• _Problem description_
Return the lines of the data below, from the one containing "Gaskachel, Ophalen, Gebruikt, Vrijstaande" through the very last, exactly and with both ends included; no pictures.

• _Records for the exercise_
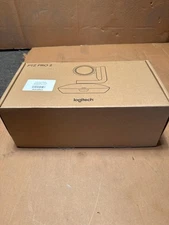 Logitech PTZ Pro 2 Video Conferencing Camera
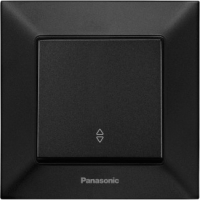 Выключатель Panasonic Arkedia Slim WNTC00032BL-BY - 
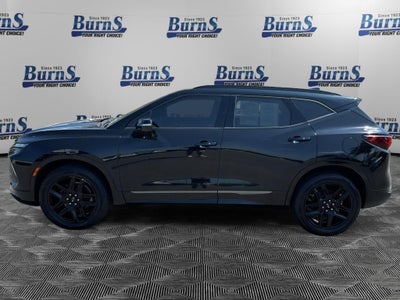 2024 Chevrolet Blazer RS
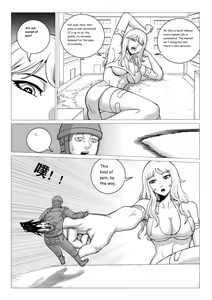 Page 49 of Ongoing Super-Powered Femdom Comic - preview thumbnail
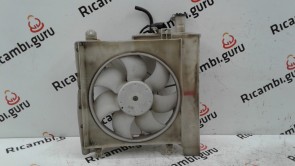 Ventola radiatore Toyota Aygo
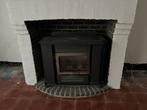 Gaskachel, Ophalen, Gebruikt, Vrijstaande haard, Gashaard
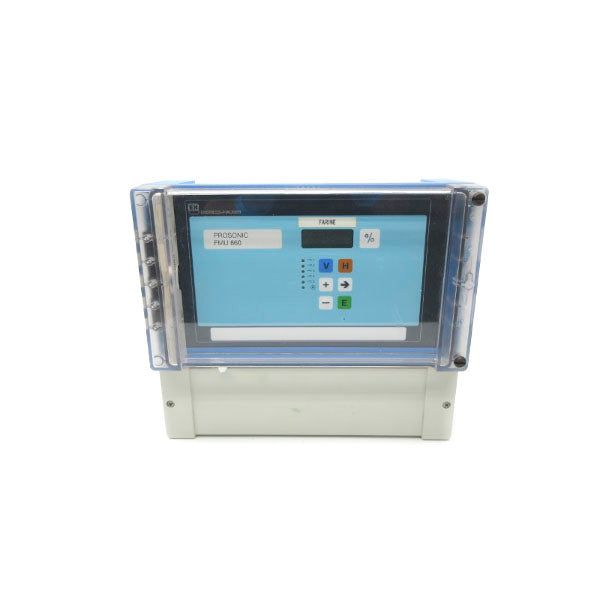 ENDRESS+HAUSER FMU860-U1A1B1 115VAC NSNP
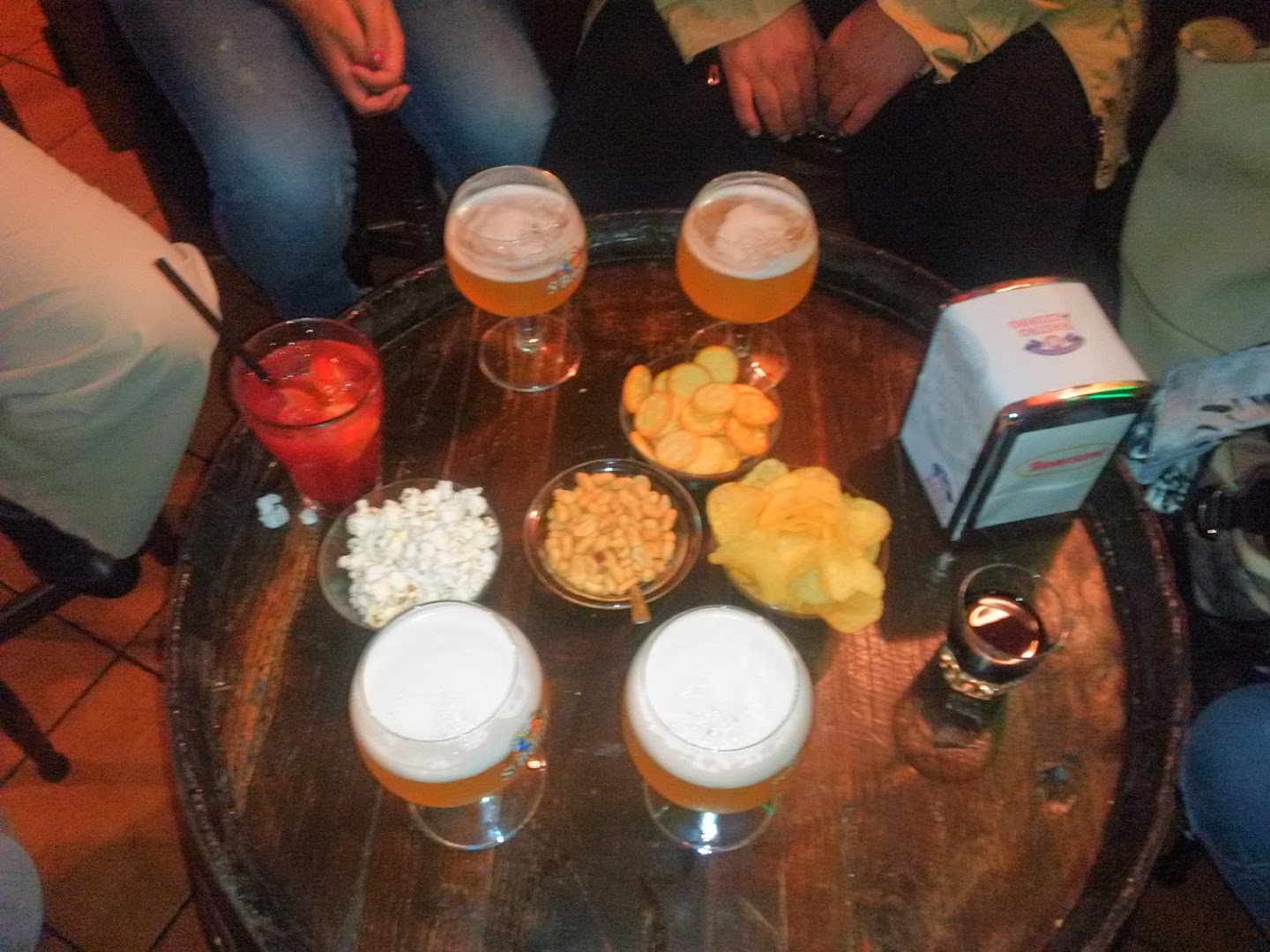 Ciaccus • Pub • Birreria • Sala Biliardi
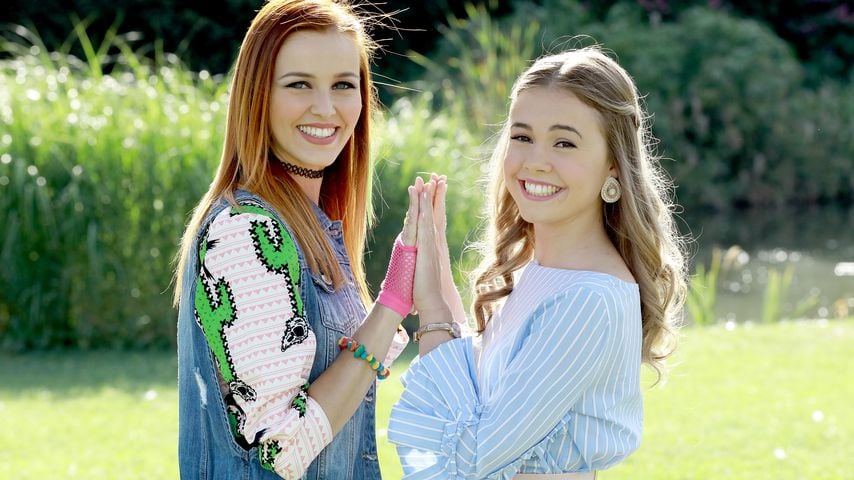 Dank Disney-Serie: Maggie & Bianca auch Real-Life-BFFs?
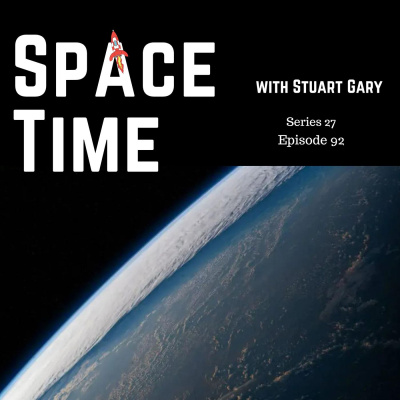 Spacetime With Stuart Gary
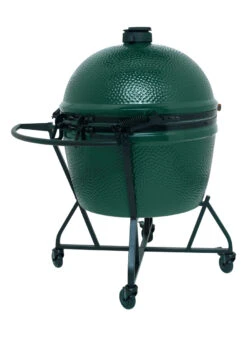 Big Green Egg 2XL Keramikgrill Starter - Paket -Grillen im Freien Keramikgrill Big Green EGG 2XL intEGGrated Nest Handler 5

• _Result for this task_
 Gaskachel, Ophalen, Gebruikt, Vrijstaande haard, Gashaard
 ENDRESS+HAUSER FMU860-U1A1B1 115VAC NSNP
 Ciaccus • Pub • Birreria • Sala Biliardi
 Dank Disney-Serie: Maggie & Bianca auch Real-Life-BFFs?
 Spacetime With Stuart Gary
 Big Green Egg 2XL Keramikgrill Starter - Paket -Grillen im Freien Keramikgrill Big Green EGG 2XL intEGGrated Nest Handler 5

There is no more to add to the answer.